É certo que muitas pessoas só querem ter sexo depois de conhecerem bem o outro, mas a atração sexual - que não é controlada - pode acontecer, o que não ocorre com os demissexuais. De acordo com o portal Demisexuality Resource Center, que reúne informações sobre o tema, o vínculo necessário para um demissexual sentir atração por outra pessoa depende das experiências de cada um e é normalmente diferente para cada pessoa. Formar um vínculo emocional não é garantia para que apareça o desejo, mas é um requisito para que ocorra. E tanto pode acontecer ao fim de uma semana, como demorar meses ou anos.

Os demissexuais integram a comunidade assexual porque, a maior parte do tempo, não sentem atração sexual por ninguém. Muitos, lê-se no site, só sentem desejo sexual por uma pessoa ao longo da vida. De acordo com um estudo feito em 2014, dois terços dos demissexuais - que podem ser homo ou heterossexuais - não estão interessados ou sentem mesmo repulsa pelo sexo,

A ativista Arf Gray, que criou o portal, descobriu aos 22 anos que era demissexual, quando explorou o site da organização Asexual Visibility and Education Network (AVEN). Numa entrevista, explicou que achava que era apenas uma "mulher homossexual clássica", que nunca iria encontrar melhor definição para si. Gostava de sexo, mas nunca encontrava ninguém com quem sentisse vontade de ter relações sexuais. Podia achar uma pessoa interessante, mas "nunca quente, sexy".

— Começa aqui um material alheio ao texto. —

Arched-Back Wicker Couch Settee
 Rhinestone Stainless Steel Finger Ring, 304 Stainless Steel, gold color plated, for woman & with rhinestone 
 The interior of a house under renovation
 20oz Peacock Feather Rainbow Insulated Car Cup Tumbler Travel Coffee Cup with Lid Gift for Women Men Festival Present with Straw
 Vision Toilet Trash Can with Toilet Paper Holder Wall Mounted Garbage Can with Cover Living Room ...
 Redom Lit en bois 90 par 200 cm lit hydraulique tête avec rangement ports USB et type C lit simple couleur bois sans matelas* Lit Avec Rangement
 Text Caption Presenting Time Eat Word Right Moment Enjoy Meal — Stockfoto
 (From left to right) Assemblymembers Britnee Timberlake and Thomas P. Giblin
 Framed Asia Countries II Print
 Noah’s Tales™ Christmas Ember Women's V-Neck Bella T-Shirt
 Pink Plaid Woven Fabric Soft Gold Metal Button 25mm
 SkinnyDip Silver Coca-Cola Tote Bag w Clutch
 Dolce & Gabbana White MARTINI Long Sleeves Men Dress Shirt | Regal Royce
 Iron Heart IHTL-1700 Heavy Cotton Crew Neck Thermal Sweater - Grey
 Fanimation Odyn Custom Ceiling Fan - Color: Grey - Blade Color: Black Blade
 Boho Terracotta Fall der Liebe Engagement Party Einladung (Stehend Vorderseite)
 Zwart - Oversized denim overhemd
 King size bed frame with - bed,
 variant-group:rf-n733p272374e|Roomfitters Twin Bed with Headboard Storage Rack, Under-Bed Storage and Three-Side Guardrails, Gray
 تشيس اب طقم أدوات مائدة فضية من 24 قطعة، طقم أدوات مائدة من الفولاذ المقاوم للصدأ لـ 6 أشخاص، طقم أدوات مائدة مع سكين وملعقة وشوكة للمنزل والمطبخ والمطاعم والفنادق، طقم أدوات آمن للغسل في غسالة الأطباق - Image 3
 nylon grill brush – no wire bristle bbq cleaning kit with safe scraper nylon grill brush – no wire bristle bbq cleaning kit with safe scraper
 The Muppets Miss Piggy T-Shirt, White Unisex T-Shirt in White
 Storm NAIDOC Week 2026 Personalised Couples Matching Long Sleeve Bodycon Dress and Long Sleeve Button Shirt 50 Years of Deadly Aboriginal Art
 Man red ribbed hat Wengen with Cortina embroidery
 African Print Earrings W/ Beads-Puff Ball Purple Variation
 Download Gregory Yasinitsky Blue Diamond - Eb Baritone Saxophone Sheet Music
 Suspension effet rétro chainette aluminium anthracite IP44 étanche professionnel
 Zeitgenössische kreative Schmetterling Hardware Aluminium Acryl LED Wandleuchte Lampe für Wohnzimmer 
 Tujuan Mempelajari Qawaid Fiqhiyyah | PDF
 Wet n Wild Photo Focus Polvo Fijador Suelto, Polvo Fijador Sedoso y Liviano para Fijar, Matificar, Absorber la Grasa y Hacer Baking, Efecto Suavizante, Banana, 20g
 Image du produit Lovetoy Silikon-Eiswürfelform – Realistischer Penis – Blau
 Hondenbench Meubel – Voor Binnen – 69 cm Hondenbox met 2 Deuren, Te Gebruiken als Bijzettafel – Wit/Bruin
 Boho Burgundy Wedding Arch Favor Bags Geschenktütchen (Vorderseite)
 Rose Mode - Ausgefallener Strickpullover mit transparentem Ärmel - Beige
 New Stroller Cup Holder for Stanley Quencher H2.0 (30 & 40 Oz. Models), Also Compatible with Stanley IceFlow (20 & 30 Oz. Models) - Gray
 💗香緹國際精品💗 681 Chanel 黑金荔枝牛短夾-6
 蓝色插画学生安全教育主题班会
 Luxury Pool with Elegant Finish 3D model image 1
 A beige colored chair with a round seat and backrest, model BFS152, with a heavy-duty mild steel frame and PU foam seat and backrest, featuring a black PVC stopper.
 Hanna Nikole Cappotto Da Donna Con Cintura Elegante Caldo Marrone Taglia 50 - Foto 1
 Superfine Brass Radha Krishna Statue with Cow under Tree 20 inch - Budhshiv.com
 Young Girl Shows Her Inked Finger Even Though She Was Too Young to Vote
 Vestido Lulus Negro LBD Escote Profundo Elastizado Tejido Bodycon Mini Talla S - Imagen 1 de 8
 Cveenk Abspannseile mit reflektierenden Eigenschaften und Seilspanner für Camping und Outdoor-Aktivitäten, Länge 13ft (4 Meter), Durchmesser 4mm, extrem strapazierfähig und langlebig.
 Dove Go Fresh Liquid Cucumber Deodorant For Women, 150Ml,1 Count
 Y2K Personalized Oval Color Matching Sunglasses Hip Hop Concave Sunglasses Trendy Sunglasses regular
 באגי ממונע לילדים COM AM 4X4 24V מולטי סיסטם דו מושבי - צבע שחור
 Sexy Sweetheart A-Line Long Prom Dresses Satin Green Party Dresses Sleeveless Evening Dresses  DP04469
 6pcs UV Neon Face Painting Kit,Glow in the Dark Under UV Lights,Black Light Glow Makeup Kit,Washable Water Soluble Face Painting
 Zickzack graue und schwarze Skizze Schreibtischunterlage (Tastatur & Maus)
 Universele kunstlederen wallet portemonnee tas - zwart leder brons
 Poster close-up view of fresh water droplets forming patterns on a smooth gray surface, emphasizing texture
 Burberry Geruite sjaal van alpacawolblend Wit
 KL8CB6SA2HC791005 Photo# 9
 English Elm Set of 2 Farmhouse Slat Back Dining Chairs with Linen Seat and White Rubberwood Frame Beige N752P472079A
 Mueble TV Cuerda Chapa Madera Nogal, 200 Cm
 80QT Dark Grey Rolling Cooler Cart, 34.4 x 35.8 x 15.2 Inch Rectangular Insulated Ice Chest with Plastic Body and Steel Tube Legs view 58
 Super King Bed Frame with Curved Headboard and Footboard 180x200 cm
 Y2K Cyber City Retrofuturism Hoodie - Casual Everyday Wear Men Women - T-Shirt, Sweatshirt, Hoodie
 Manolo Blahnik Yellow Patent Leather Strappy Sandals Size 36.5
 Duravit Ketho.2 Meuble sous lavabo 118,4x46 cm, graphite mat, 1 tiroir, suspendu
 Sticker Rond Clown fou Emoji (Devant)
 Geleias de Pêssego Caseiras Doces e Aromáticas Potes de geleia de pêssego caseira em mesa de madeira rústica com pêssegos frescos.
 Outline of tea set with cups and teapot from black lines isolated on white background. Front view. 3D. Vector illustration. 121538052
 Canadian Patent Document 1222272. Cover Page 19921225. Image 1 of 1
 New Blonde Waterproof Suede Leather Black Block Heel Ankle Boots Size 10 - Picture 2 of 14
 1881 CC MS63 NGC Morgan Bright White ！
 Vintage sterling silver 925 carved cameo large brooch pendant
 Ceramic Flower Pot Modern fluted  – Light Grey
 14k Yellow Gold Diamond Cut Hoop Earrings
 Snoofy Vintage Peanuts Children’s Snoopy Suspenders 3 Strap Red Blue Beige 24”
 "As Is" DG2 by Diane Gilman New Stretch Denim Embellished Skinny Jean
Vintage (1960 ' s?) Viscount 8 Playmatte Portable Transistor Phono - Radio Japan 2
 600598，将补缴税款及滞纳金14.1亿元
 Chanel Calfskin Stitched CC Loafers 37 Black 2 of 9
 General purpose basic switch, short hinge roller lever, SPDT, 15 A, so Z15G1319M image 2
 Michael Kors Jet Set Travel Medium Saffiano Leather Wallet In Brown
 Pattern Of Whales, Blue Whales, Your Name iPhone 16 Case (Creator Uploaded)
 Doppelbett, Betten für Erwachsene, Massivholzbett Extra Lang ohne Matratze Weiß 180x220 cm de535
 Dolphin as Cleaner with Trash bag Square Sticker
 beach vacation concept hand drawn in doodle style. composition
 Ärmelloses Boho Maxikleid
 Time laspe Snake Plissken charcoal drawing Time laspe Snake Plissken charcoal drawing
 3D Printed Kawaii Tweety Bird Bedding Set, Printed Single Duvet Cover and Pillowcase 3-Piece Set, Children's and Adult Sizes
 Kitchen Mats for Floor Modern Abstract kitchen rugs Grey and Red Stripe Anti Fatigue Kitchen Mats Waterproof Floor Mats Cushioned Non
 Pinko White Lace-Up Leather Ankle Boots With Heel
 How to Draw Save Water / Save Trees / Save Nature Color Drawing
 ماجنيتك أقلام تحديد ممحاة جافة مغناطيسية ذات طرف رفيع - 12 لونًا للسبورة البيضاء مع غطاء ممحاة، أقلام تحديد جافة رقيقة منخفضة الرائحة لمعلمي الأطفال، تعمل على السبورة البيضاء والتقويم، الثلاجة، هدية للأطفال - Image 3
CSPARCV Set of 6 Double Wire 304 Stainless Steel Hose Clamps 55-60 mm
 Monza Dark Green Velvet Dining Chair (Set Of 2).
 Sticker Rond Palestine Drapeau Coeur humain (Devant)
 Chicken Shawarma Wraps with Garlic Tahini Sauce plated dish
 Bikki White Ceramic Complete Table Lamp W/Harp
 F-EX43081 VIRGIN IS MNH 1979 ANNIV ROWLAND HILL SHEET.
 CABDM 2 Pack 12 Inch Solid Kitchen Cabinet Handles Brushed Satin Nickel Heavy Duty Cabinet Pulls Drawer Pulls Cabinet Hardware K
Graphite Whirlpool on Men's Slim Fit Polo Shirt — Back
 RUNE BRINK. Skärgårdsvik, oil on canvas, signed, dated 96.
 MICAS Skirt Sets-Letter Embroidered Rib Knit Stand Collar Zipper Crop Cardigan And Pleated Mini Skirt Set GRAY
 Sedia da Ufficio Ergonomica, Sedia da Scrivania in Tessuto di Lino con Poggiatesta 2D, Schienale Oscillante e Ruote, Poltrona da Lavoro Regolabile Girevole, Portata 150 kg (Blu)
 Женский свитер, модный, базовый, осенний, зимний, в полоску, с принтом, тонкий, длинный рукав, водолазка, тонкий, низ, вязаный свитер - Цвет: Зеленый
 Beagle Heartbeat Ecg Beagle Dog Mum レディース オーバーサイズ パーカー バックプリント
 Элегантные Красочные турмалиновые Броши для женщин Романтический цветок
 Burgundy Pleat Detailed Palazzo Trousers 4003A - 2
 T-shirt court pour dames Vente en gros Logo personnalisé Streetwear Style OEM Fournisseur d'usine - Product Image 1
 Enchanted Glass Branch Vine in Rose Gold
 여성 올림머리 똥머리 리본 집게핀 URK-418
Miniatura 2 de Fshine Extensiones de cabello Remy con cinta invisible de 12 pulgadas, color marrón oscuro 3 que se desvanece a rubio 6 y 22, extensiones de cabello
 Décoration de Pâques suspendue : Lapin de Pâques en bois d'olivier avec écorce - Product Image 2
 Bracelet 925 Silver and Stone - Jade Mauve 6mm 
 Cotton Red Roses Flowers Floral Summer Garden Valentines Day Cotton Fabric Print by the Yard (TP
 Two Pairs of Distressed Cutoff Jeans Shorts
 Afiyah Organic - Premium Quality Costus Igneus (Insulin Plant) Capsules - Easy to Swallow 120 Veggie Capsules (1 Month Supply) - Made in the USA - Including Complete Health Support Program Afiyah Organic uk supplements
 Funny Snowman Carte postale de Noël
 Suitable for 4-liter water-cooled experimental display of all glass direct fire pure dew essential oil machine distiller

Embora ainda não tenha ouvido ninguém dizer "sou demissexual", a sexóloga Joana Almeida acredita que isso vai acontecer em breve. "Começam a criar-se grupos. Mais cedo ou mais tarde, vamos adotar estes conceitos. O desejável é que haja diversidade e espaço para ela." Rita Alcaire, a fazer doutoramento sobre "assexualidade em Portugal pela lente dos Direitos Humanos", diz que é importante perceber que "a sexualidade é muito ampla", pois "existem tantas sexualidades quanto pessoas". Na internet, as pessoas que sentem-se em comunidade.